Fortunately for Ike, the German command setup was almost as muddled as the Allied one. Rommel and von Arnim operated independently. Von Arnim wanted to confine himself to limited attacks against Fondouk. Rommel was after much bigger results—he wanted to break through the mountains at Kasserine Pass, capture the great Allied supply base at Le Kef, then possibly drive on to Algiers itself. He wanted to turn a tactical advantage into a strategic triumph, destroying the II Corps, isolating the First Army, and thus reversing the entire position in North Africa. If all went well,
he could accomplish his objectives before Monty was ready to attack the Mareth Line.
6

Von Arnim was a vain, ambitious man who refused to cooperate in Rommel's bold (but wildly impractical) plan. Higher headquarters (Kesselring) had ordered him to give his best panzer division, the 10th, to Rommel for the original attack, but von Arnim had stalled and it was not committed on February 14. Ironically, this turned out to benefit Rommel, because the location of the 10th Panzer was, according to Mockler-Ferryman, the key piece of information. As long as those tankers were facing
CCB
at Fondouk, that was where Mockler-Ferryman insisted that the attack would come.

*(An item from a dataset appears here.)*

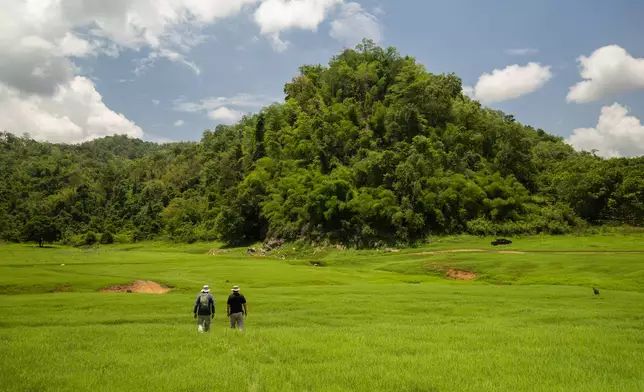 Researchers walk into the empty reservoir where Nithe Station, a depot on World War II's infamous "Death Railway" resurfaced after the reservoir was drained in Sangkhlaburi, Thailand on Saturday, May 30, 2026. (AP Photo/Anton L. Delgado)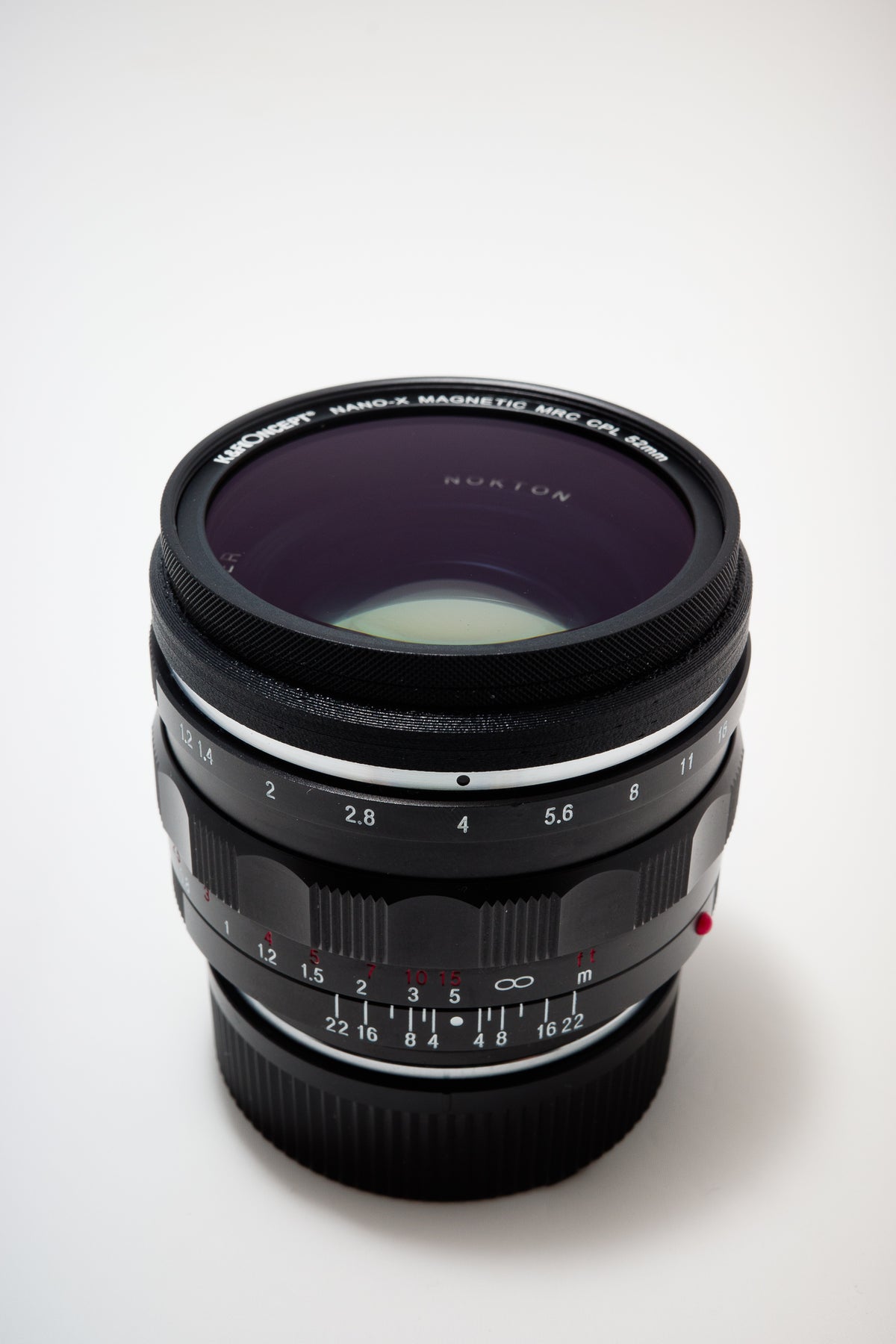 Leica M Mount Lens Stealth Rings - 49mm. Filter mounted on lens ring. White background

Over the next two days Rommel pressed his initial advantage. On February 20 the 10th Panzer, finally released to his command, moved into Kasserine Pass. It was too late. American reinforcements had arrived. The German offensive stalled.

That same day, February 20, Ike asked the British Chief of the Imperial General Staff, Alan Brooke, to replace Mockler-Ferryman “with an officer who has a broader insight into German mentality and method.”
7
It was the only time in his three-year career as Allied Commander in Chief that Eisenhower asked the British to relieve one of their officers on his staff. In a cable to Marshall the next day, Ike explained that “due to faulty G-2 estimates” Anderson had not become convinced “until too late that the attack through Faïd was really the main effort.”

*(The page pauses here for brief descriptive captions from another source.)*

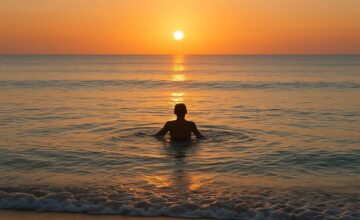 Solo swimmer at calm sunrise beach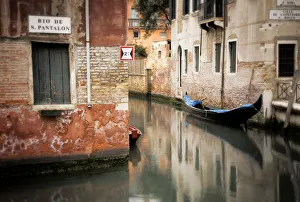 Italy, Venice. Gondola moored in canal. Credit as: Jim Nilsen / Jaynes Gallery / DanitaDelimont Italy, Venice. Gondola moored in canal. Credit as: Jim Nilsen / Jaynes Gallery / DanitaDelimont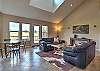 Open living room with lots of natural light, mountain and golf course views.  With a gas fireplace and comfortable seating. 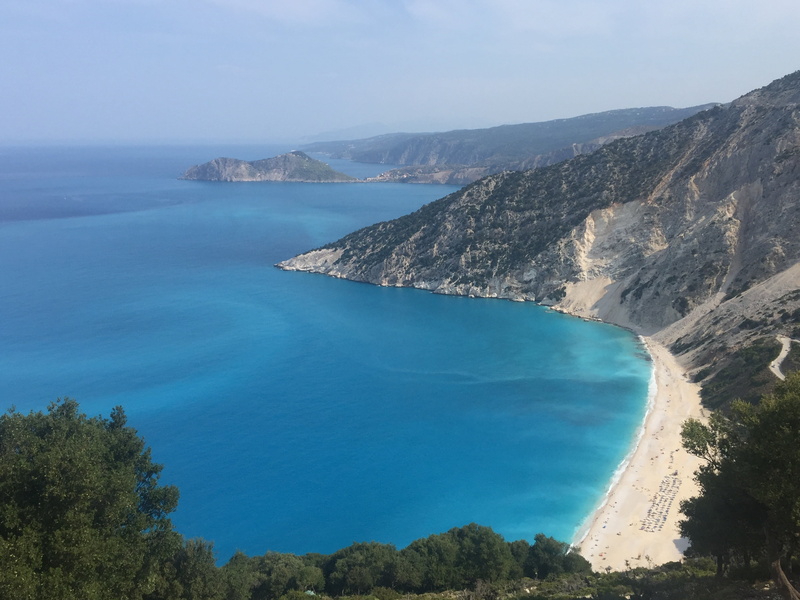 beach, beauty in nature, mountain, turquoise colored, bay, tranquility, no people, day, sky, scenics, high angle view, kefalonia, tranquil scene, non-urban scene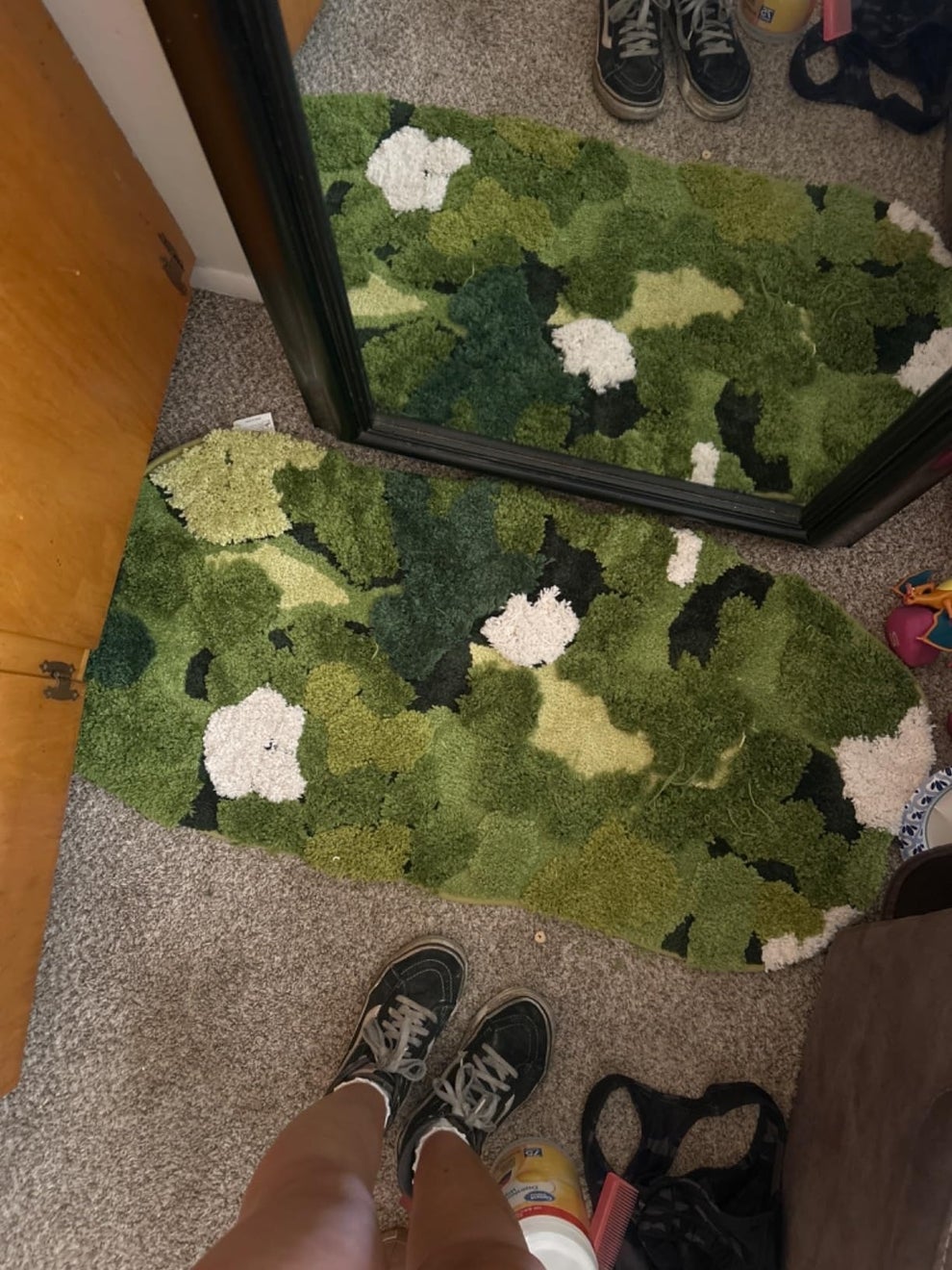 Person wearing sneakers stands on a green camouflage-patterned oval rug, reflected in a mirror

Then, in guarded language, he added, “I am provoked that there was such reliance placed upon particular types of intelligence that general instructions were considered inapplicable. In this connection and for your eyes only, I have asked for the relief of my G-2. He is British and the head of that section must be a British officer because of the network of special signal establishments he operates, but Brooke has agreed to make available a man in Great Britain who is tops in this regard.”
8
The man was General Kenneth Strong. He stayed with Ike through the remainder of the war and the two officers established a close and effective relationship. Mockler-Ferryman returned to London to head the Special Operations Executive (
SOE
), which controlled sabotage and underground efforts in occupied France.

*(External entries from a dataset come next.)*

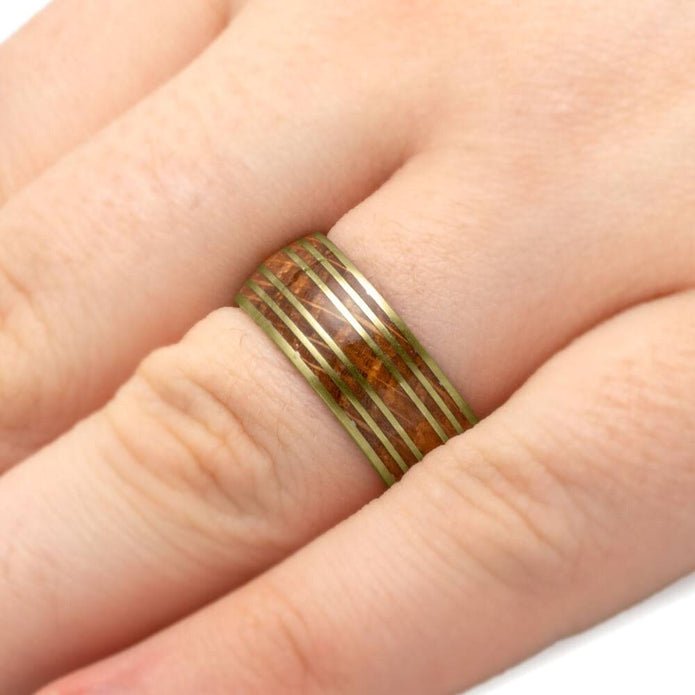 Rose gold whiskey barrel wedding band on finger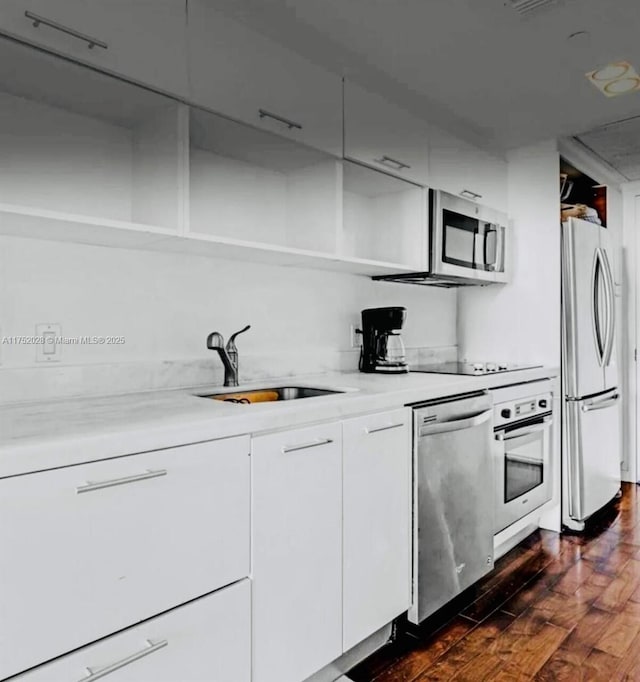 kitchen with open shelves, light countertops, appliances with stainless steel finishes, white cabinetry, and a sink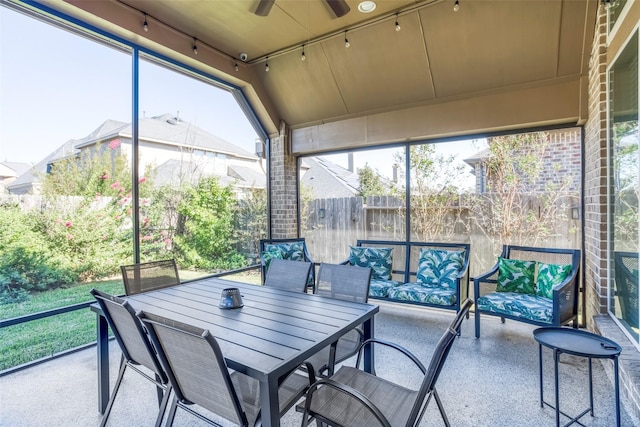 29114 Davenport Dr, Katy, TX 77494 - sunroom / solarium with a ceiling fan, rail lighting, and outdoor lounge area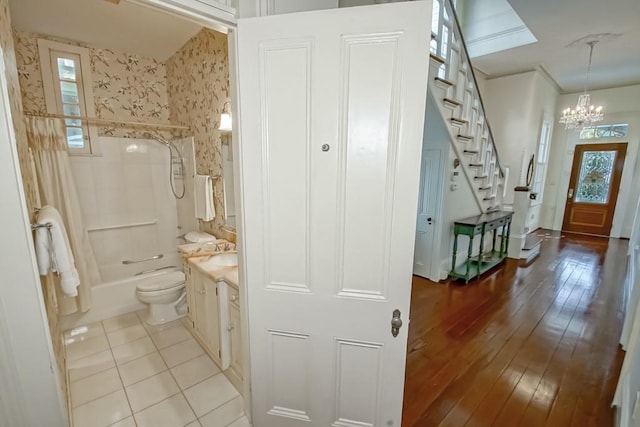 full bathroom with vanity, bathtub / shower combination, hardwood / wood-style flooring, and toilet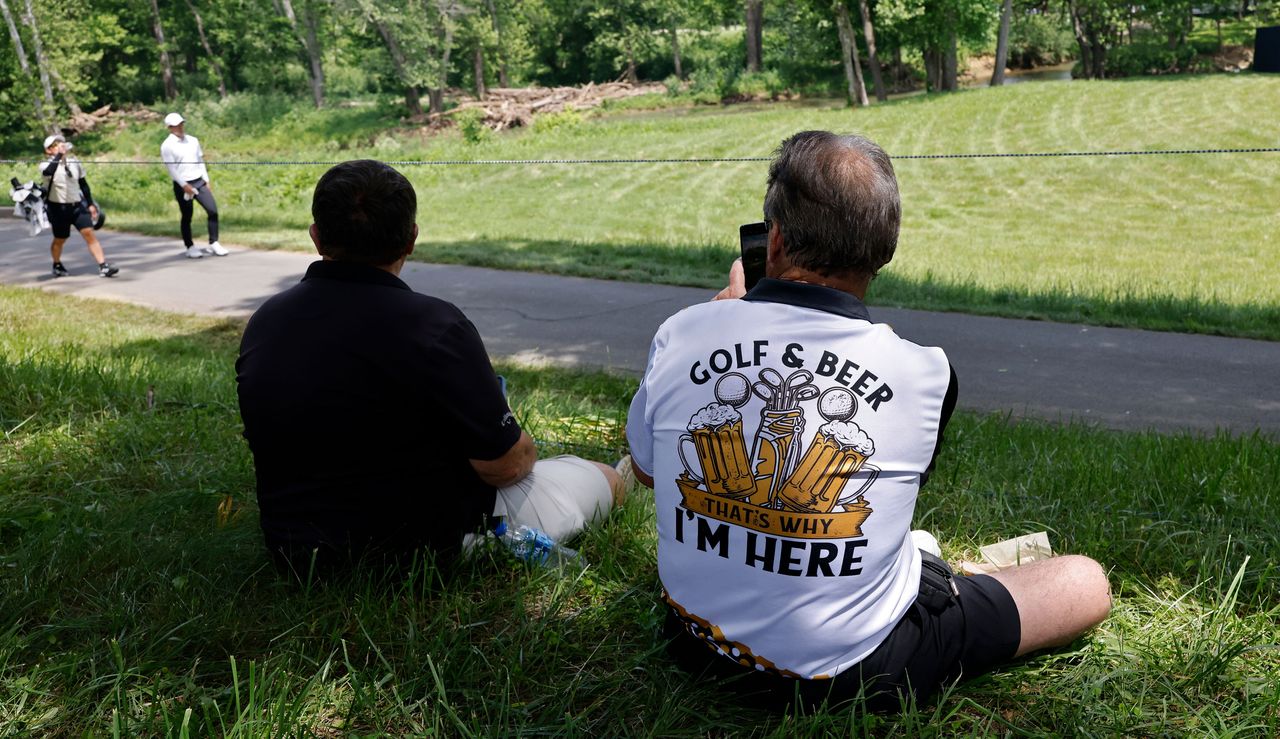 A golfer wears a &#039;golf and beer, that&#039;s why I&#039;m here&#039; t-shirt whilst watching the golf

But what, meanwhile, was the origin of Mockler-Ferryman's
terrible mistake at Kasserine Pass? It was
ULTRA
. An entry of February 20 in Butcher's previously unpublished diary provides some of the details: “An explanation of the defeat, as seen by Ike, lies in a misinterpretation of radio messages we regularly intercept from the enemy. This source is known as ‘Ultra.' It happens that our G.2 Brigadier Mockler-Ferryman, relies heavily upon this source. It has frequently disclosed excellent information as to the intentions of the Axis. However, the interpretation placed by G.2 on the messages dealing with the place of attack—an attack that has been expected for several days—led Mockler-Ferryman to believe that a feint would be made where the attack actually occurred … and that the real and heavy attack would come in the north.”
9

What Butcher did not know was that Rommel's initial attack was as much a surprise to von Arnim and his superiors as it was to Mockler-Ferryman. Rommel, not for the first time, had disobeyed orders.